A strategy which stresses attack upon the information processing and communications elements of the systems which it is targeting offers a very high payoff, as it will introduce an increasing level of paralysis and disorientation within its target. Electromagnetic bombs are a powerful tool in the implementation of such a strategy.

10.1 Electronic Combat Operations using Electromagnetic Bombs

The central objective of Electronic Combat (EC) operations is the command of the electromagnetic spectrum, achieved by soft and hard kill means [12] against the opponent's electronic assets. The underlying objective of commanding the electromagnetic spectrum is to interrupt or substantially reduce the flow of information through the opponent's air defence system, air operations environment and between functional elements of weapon systems.

In this context the ability of electromagnetic bombs to achieve kills against a wide range of target types allows their general application to the task of inflicting attrition upon an opponent's electronic assets, be they specialised air defence assets or more general Command-Control-Communications (C3) and other military assets.

Electromagnetic bombs can be a means of both soft and hard electrical kill, subject to the lethality of the weapon and the hardness of its target. A hard electrical kill by means of an electromagnetic device will be achieved in those instances where such severe electrical damage is achieved against a target so as to require the replacement of most if not all of its internal electronics.

Electronic combat operations using electromagnetic devices involve the use of these to attack radar, C3 and air defence weapon systems. These should always be attacked initially with an electromagnetic weapon to achieve soft or hard electrical kills, followed up by attack with conventional munitions to preclude possible repair of disabled assets at a later time. As with conventional SEAD operations, the greatest payoff will be achieved by using electromagnetic weapons against systems of strategic importance first, followed in turn by those of operational and tactical importance [KOPP92].

In comparison with an AntiRadiation Missile (ARM - a missile which homes on the emissions from a threat radar), the established and specialised tool in the conduct of SEAD operations, an electromagnetic bomb can achieve kills against multiple targets of diverse types within its lethal footprint. In this respect an electromagnetic device may be described as a Weapon of Electrical Mass Destruction (WEMD). Therefore electromagnetic weapons are a significant force multiplier in electronic combat operations.
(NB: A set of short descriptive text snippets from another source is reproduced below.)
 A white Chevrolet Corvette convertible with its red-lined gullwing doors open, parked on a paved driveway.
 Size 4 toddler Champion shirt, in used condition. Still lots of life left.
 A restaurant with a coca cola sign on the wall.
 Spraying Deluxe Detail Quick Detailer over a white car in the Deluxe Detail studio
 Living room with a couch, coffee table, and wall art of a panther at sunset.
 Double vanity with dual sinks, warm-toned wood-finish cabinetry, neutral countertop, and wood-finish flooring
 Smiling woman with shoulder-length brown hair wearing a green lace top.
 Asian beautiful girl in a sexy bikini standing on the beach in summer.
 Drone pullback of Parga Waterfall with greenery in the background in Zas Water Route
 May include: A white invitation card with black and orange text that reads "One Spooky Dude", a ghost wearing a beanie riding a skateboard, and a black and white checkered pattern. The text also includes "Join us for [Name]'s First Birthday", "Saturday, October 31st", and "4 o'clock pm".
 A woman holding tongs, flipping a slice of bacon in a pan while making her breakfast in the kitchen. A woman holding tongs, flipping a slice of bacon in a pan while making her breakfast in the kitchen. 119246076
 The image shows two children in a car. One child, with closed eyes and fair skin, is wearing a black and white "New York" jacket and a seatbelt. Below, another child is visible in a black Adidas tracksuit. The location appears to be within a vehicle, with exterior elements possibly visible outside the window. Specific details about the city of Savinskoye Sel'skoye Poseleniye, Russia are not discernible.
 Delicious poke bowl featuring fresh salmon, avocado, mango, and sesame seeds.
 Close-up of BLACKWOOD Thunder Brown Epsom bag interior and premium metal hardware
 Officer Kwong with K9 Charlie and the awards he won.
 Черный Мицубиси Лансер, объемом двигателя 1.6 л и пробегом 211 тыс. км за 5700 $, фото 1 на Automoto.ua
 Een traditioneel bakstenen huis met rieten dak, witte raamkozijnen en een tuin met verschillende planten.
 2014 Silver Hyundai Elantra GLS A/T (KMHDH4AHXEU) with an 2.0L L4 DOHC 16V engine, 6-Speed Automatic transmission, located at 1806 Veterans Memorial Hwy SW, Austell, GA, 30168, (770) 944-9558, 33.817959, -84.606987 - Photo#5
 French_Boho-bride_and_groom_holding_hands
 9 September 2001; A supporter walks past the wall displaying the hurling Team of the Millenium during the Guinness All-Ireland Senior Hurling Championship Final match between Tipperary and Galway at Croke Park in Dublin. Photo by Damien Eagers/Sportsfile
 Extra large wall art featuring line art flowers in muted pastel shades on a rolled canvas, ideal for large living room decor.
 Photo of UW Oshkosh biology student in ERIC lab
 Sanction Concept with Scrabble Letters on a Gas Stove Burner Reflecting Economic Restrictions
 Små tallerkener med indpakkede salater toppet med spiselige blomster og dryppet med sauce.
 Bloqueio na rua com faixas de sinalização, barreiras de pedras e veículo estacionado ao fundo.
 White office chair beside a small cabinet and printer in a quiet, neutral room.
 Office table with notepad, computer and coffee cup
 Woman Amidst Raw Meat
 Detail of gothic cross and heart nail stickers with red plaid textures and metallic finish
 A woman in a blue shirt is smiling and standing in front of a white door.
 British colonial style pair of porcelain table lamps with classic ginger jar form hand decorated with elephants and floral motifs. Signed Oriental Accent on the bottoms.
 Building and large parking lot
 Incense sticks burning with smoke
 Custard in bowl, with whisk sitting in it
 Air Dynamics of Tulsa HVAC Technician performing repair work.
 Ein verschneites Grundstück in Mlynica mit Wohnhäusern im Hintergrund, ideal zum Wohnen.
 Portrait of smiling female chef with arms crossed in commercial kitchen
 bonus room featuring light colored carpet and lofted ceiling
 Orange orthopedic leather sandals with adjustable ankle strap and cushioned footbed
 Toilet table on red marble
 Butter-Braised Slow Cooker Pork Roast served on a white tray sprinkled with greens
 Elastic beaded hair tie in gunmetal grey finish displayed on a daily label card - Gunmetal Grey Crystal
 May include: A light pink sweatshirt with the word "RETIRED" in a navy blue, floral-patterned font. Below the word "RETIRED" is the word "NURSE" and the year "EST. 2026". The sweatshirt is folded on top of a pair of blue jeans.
A conventional electronic combat campaign, or intensive electronic combat operations, will initially concentrate on saturating the opponent's electronic defences, denying information and inflicting maximum attrition upon electronic assets. The force multiplication offered by electromagnetic weapons vastly reduces the number of air assets required to inflict substantial attrition, and where proper electronic reconnaissance has been carried out beforehand, also reduces the need for specialised assets such as ARM firing aircraft equipped with costly emitter locating systems.

The massed application of electromagnetic bombs in the opening phase of an electronic battle will allow much faster attainment of command of the electromagnetic spectrum, as it will inflict attrition upon electronic assets at a much faster rate than possible with conventional means.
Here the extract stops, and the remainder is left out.